**Work task:** Every word in the data below belongs in your copy, exactly as given; the pictures do not.

*** Collected data Section Begins ***

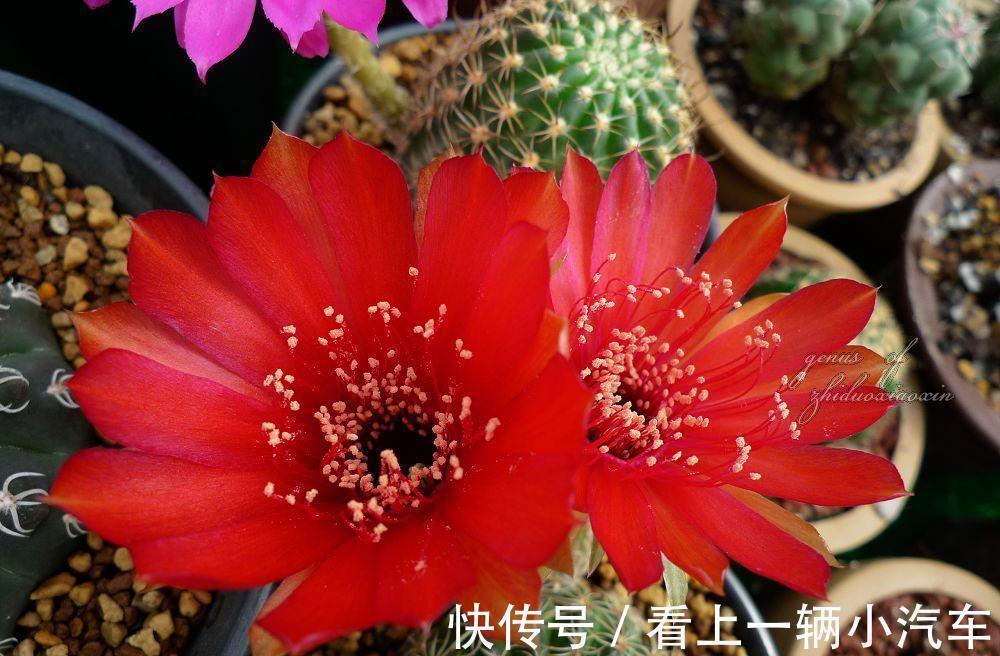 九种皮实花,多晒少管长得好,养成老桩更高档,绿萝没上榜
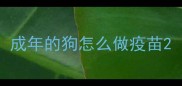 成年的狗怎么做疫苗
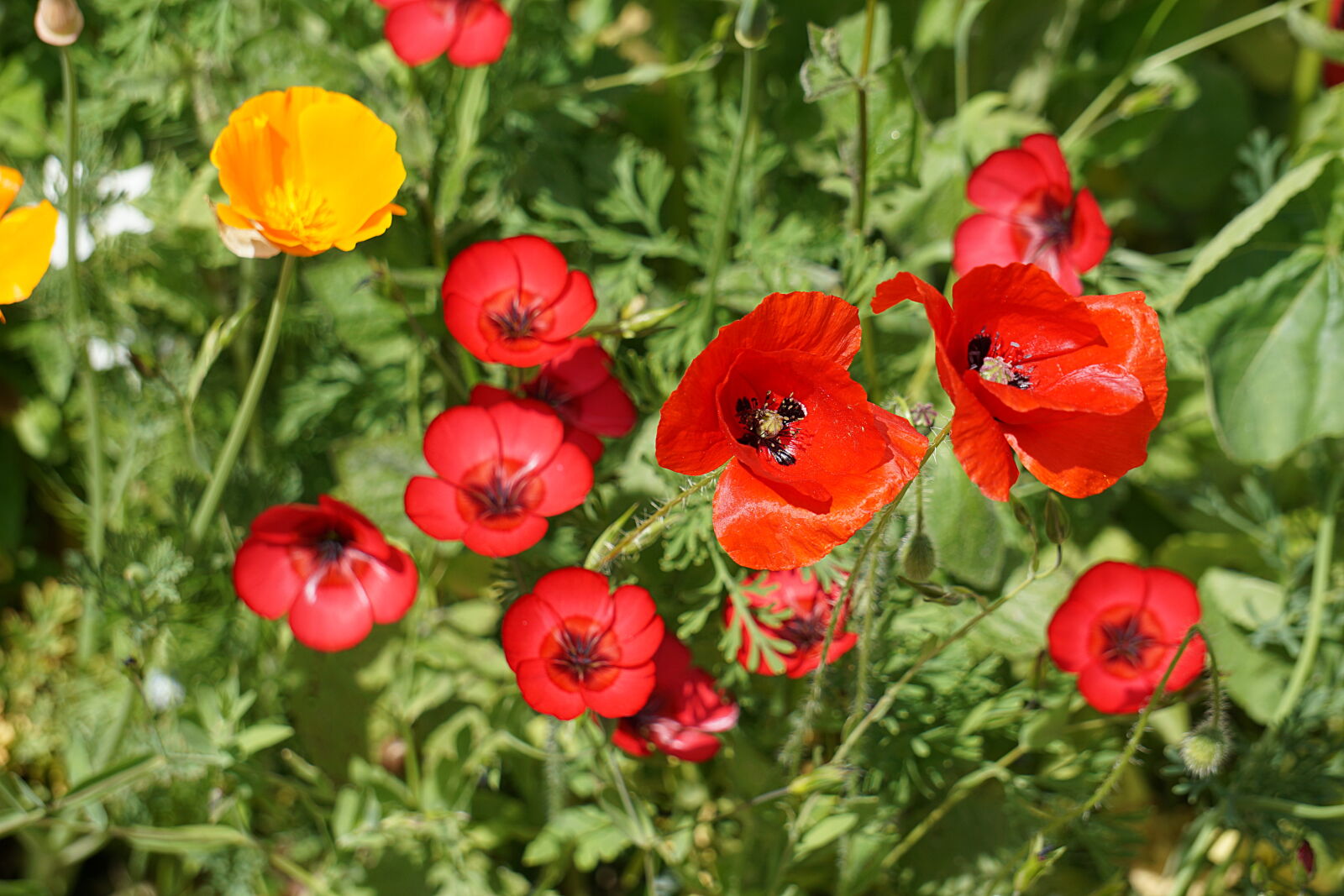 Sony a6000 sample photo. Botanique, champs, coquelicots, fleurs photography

*** Collected data Section Ends ***

**Written answer:**
 九种皮实花,多晒少管长得好,养成老桩更高档,绿萝没上榜
 成年的狗怎么做疫苗
 Sony a6000 sample photo. Botanique, champs, coquelicots, fleurs photography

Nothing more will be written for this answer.